* _Task objective_:
Given the records underneath, please repeat exactly the lines from the line with "New 2025 INEOS" through the line with "Продам дом 35", passing over any picture.

Data records
········
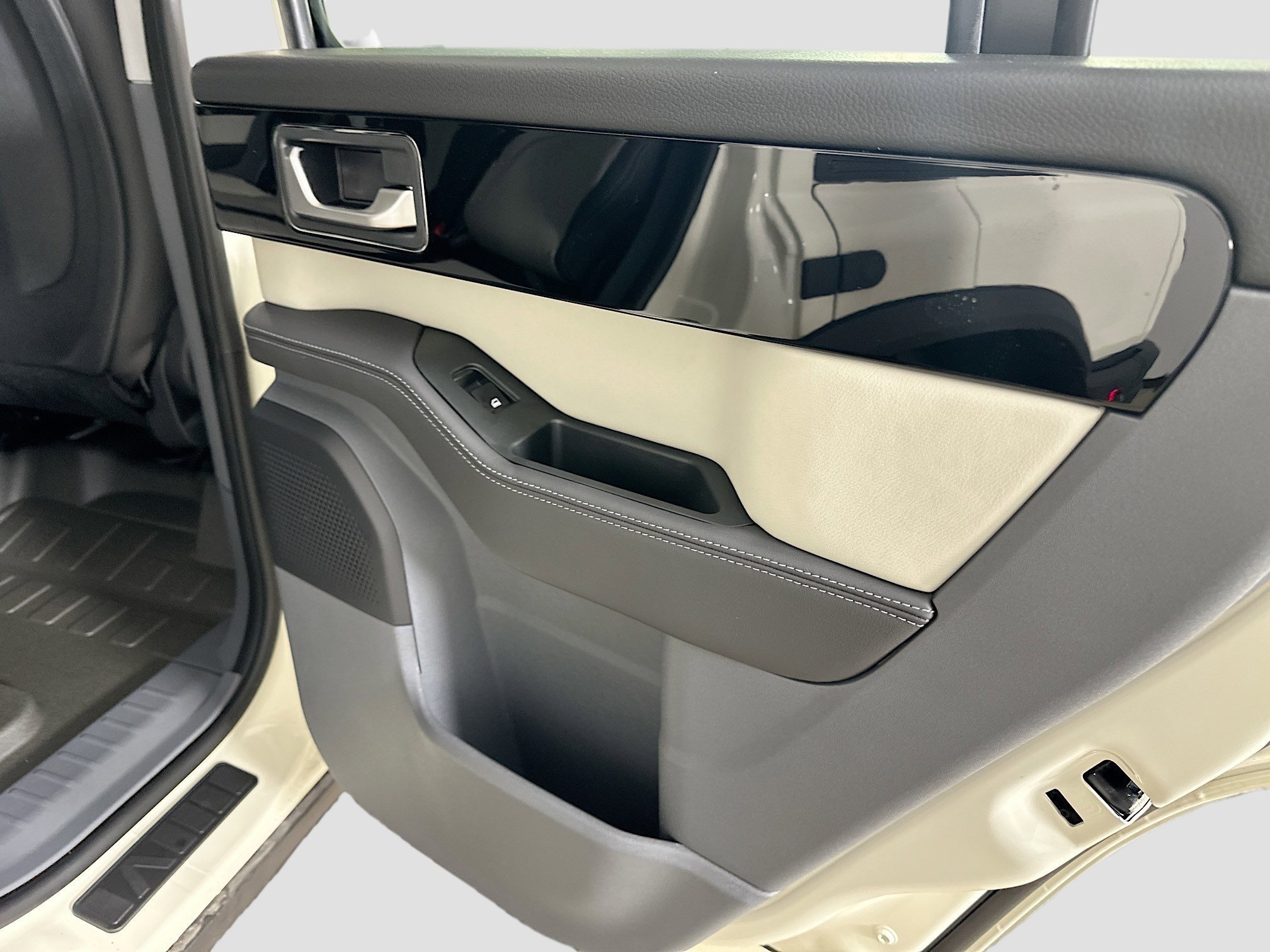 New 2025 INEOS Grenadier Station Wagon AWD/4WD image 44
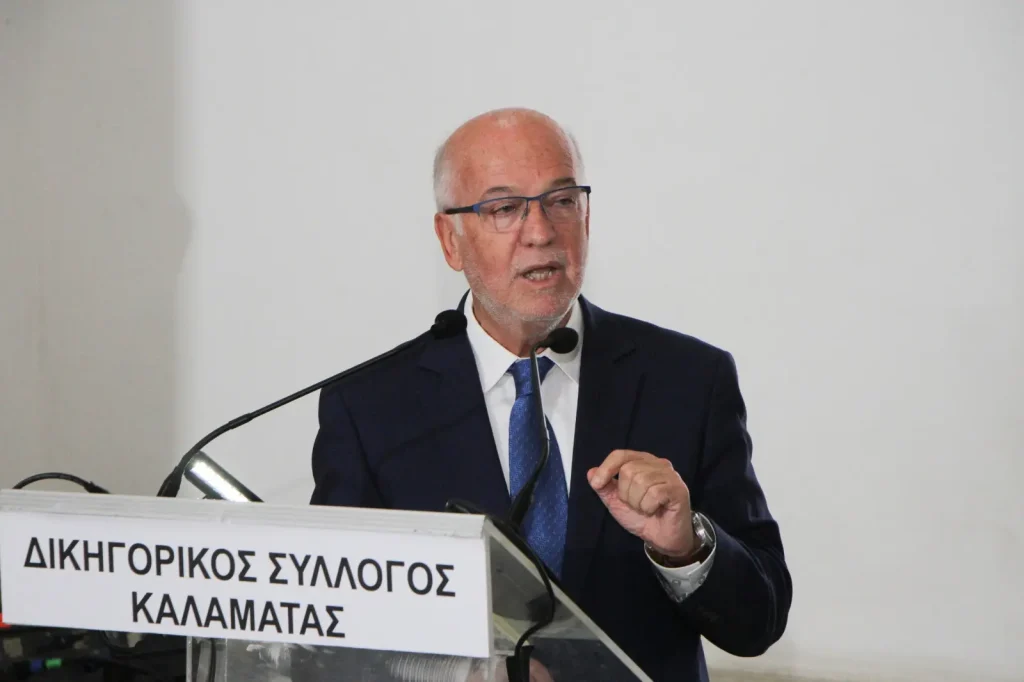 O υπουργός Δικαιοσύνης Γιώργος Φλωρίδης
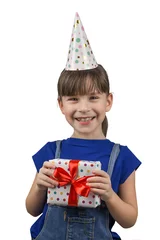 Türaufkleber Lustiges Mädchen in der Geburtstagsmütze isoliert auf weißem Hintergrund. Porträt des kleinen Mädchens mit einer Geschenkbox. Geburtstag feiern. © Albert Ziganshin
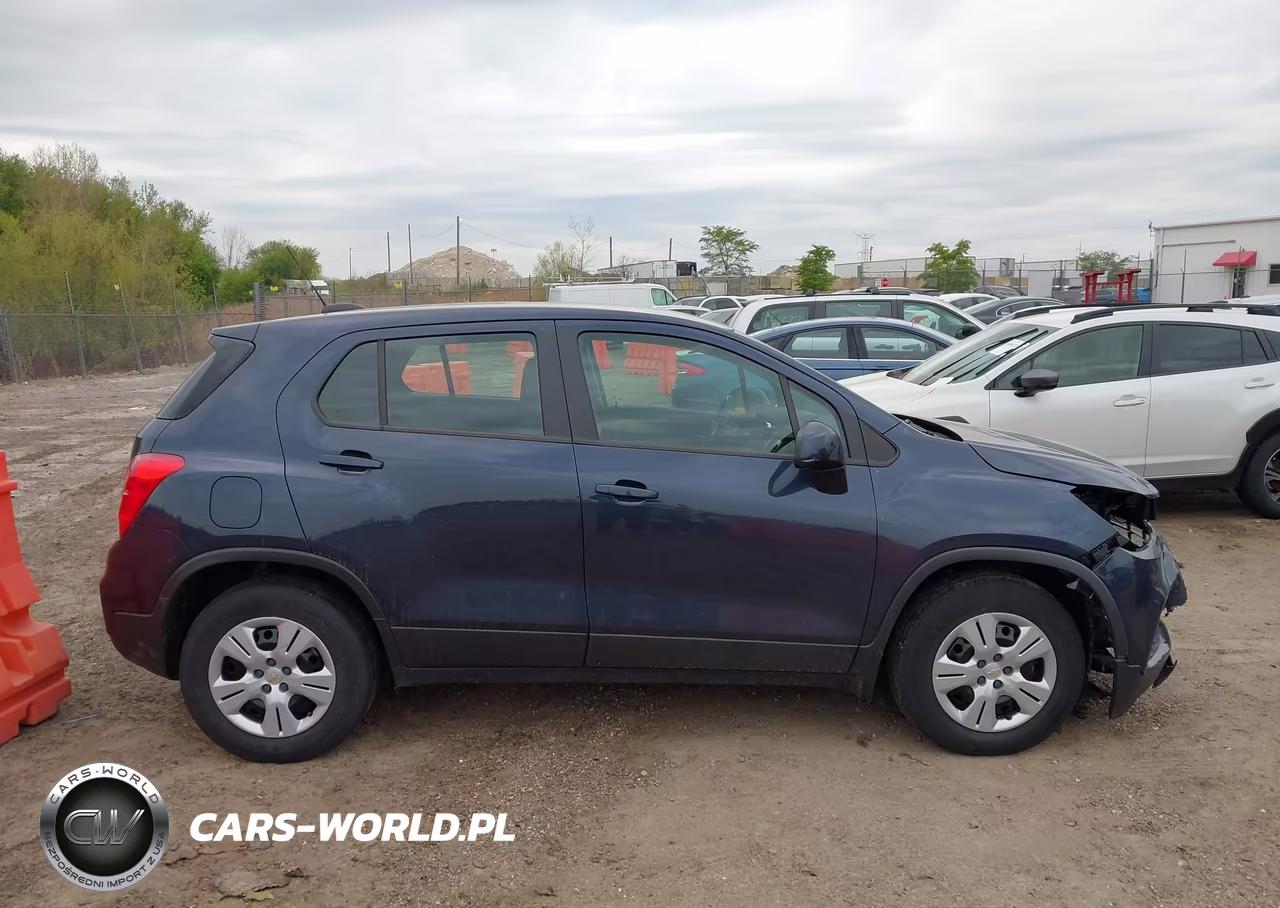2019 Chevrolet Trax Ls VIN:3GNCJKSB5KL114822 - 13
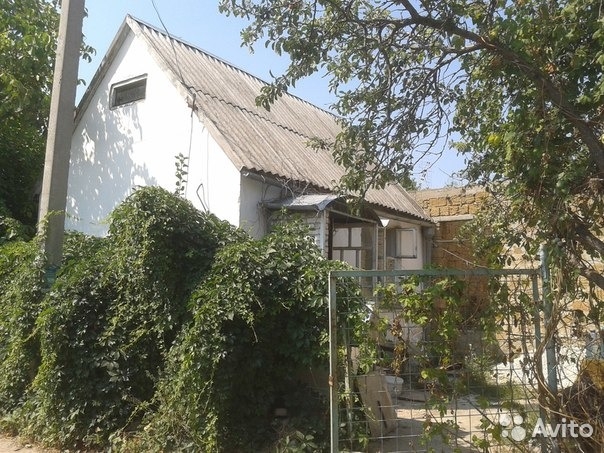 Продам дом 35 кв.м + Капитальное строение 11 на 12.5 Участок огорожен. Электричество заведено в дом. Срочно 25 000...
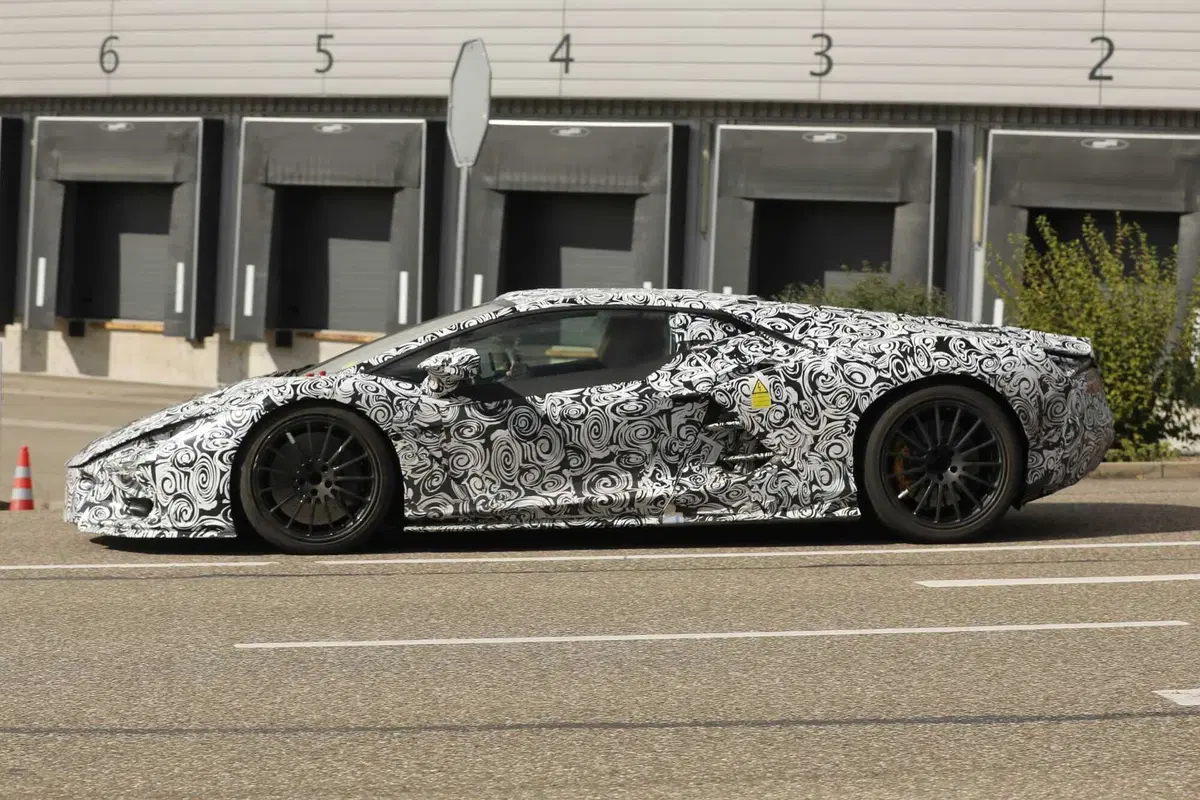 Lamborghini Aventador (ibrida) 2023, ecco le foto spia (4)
········
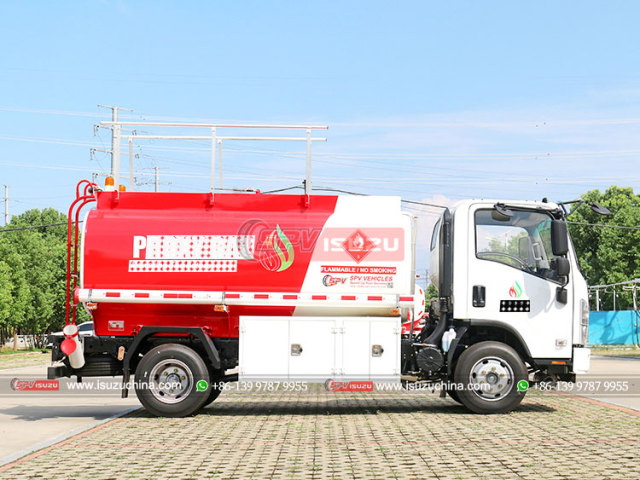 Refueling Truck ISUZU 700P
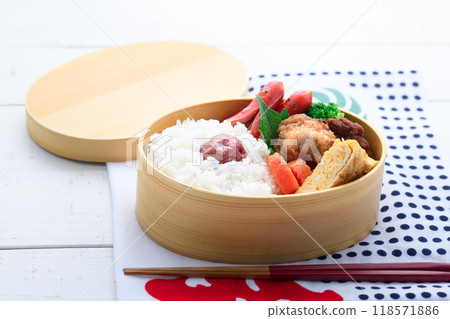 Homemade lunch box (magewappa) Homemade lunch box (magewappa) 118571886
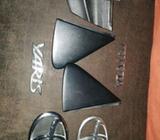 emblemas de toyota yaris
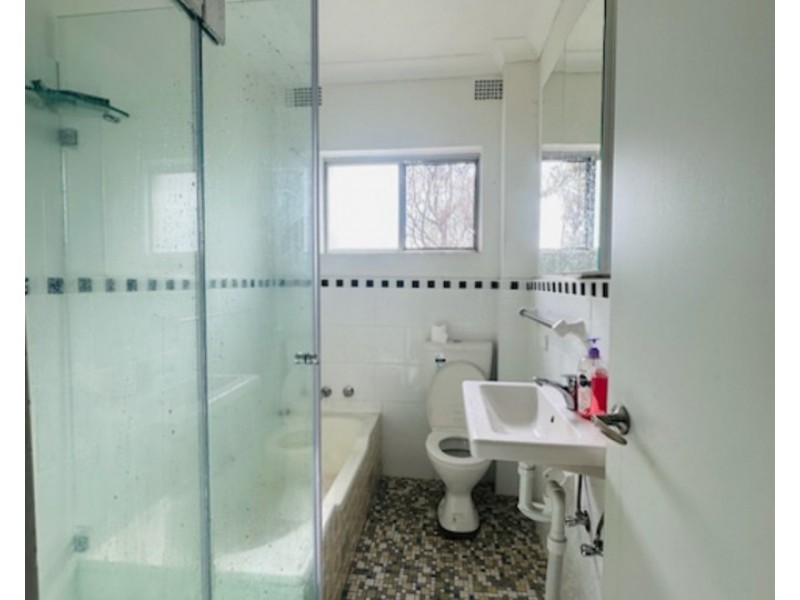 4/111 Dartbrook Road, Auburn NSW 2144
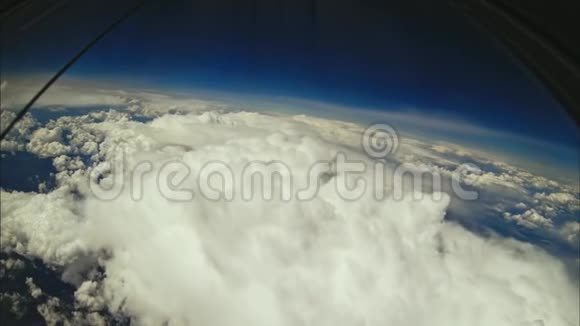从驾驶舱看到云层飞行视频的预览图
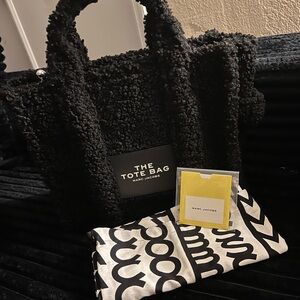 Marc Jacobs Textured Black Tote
········
* _Expected answer_:
 New 2025 INEOS Grenadier Station Wagon AWD/4WD image 44
 O υπουργός Δικαιοσύνης Γιώργος Φλωρίδης
 Türaufkleber Lustiges Mädchen in der Geburtstagsmütze isoliert auf weißem Hintergrund. Porträt des kleinen Mädchens mit einer Geschenkbox. Geburtstag feiern. © Albert Ziganshin
2019 Chevrolet Trax Ls VIN:3GNCJKSB5KL114822 - 13
 Продам дом 35 кв.м + Капитальное строение 11 на 12.5 Участок огорожен. Электричество заведено в дом. Срочно 25 000...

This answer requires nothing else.